New Zimbabwe.com

Mangudya blames foreign nations for Zimbabwe’s poor investor confidence

By Alois Vinga


HOSTILE foreign policies by other countries are fueling lack of investor confidence in Zimbabwe, Central Bank Governor, John Mangudya has said.

The RBZ chief told a breakfast meeting Tuesday, that while there is need to find out why the country continues to face challenges in bringing investors, government policies should not face the entire blame.

“I can submit to you that it is the foreign policies that are weighing on us. The country has lost a lot of consolidated relationships over the past ten years, not because of domestic but foreign policies which are outside our control,” Mangudya said.

The Central Bank Governor revealed that Zimbabwe has been receiving the least investments than any other country in the region but argued the reasons for this cannot be domestic alone.

“We need to ask ourselves where the bigger weights are. We may need to find out how things like the Unites States imposed Zimbabwe Democracy and Economic Recovery Act (Zidera) have impacted on the economy,” he said.

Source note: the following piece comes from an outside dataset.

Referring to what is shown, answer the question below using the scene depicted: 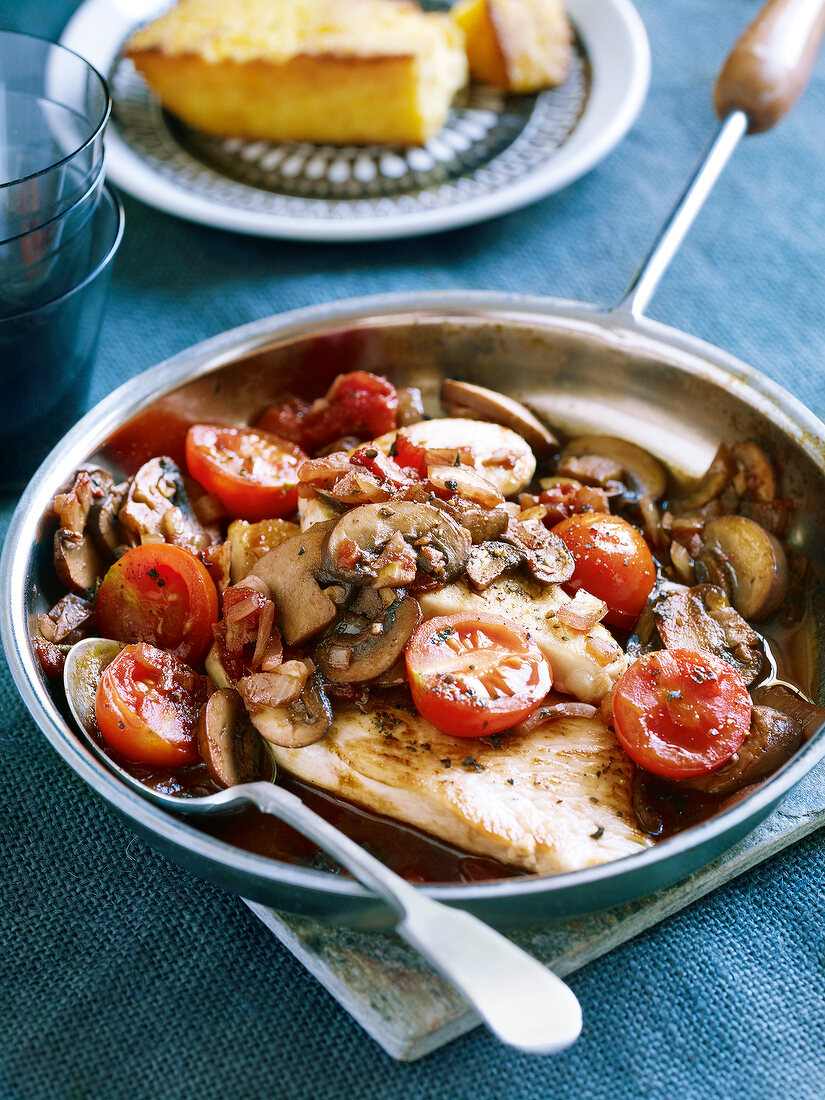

The US enacted Zidera in 2001 arguing then President Robert Mugabe had violated human rights, stole elections and that the land expropriation exercise had upset property rights.

Mangudya maintained that President Emmerson Mnangagwa’s government has done well under difficult circumstances and urged powerful countries to appreciate his efforts.

“Even the World Bank (WB) recently allocated funds to assist Cyclone Idai victims but Zimbabwe‘s funding is coming through third parties in the form of United Nations agencies and this is being caused by the geo-political factors,” Mangudya added.

Zimbabwe is struggling with foreign currency shortages due to depressed imports. This has had a negative impact on fuel prices and supplies in particular creating havoc in the economy.

While acknowledging Zimbabwe’s efforts to overhaul the Companies Act with a draft bill now before Parliament after extensive consultations among stakeholders, the multilateral institutions argue that the country has missed set data collection timetables.

The Insolvency Bill which will permit an expeditious turnaround of distressed companies and quick liquidation of unsalvageable entities thus preserving shareholder value and interest has been gazetted. However, this has since been withdrawn in order to make sure it’s aligned with the amended Companies Act.

On the other hand, the Manpower Act Amendment Bill, aimed at centralising the collection of manpower development levies and streamline payments under the paying taxes indicator also failed to meet the WB deadline as did the Shop Licenses Amendment Bill.